§ **Provided data**:
****************

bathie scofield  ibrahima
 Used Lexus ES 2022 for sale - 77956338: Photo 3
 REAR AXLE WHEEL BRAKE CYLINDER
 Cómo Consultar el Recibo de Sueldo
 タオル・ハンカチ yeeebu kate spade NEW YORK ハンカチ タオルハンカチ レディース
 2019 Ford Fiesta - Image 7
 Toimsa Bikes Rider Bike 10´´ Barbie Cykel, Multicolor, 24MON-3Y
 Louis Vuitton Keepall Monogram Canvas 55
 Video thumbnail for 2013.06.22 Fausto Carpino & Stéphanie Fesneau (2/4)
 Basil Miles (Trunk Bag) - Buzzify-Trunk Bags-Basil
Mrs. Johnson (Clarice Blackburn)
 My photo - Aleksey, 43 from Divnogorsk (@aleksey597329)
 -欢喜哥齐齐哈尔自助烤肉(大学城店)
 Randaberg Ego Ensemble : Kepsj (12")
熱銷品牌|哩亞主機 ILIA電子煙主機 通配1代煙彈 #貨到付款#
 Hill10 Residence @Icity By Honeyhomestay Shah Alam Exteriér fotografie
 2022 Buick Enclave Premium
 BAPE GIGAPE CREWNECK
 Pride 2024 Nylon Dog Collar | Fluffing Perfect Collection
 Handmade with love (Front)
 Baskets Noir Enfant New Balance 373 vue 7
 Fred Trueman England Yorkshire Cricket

****************

§ **Task description**: Line by line, repeat the data exactly.

§ **Finished task**:
bathie scofield  ibrahima
 Used Lexus ES 2022 for sale - 77956338: Photo 3
 REAR AXLE WHEEL BRAKE CYLINDER
 Cómo Consultar el Recibo de Sueldo
 タオル・ハンカチ yeeebu kate spade NEW YORK ハンカチ タオルハンカチ レディース
 2019 Ford Fiesta - Image 7
 Toimsa Bikes Rider Bike 10´´ Barbie Cykel, Multicolor, 24MON-3Y
 Louis Vuitton Keepall Monogram Canvas 55
 Video thumbnail for 2013.06.22 Fausto Carpino & Stéphanie Fesneau (2/4)
 Basil Miles (Trunk Bag) - Buzzify-Trunk Bags-Basil
Mrs. Johnson (Clarice Blackburn)
 My photo - Aleksey, 43 from Divnogorsk (@aleksey597329)
 -欢喜哥齐齐哈尔自助烤肉(大学城店)
 Randaberg Ego Ensemble : Kepsj (12")
熱銷品牌|哩亞主機 ILIA電子煙主機 通配1代煙彈 #貨到付款#
 Hill10 Residence @Icity By Honeyhomestay Shah Alam Exteriér fotografie
 2022 Buick Enclave Premium
 BAPE GIGAPE CREWNECK
 Pride 2024 Nylon Dog Collar | Fluffing Perfect Collection
 Handmade with love (Front)
 Baskets Noir Enfant New Balance 373 vue 7
 Fred Trueman England Yorkshire Cricket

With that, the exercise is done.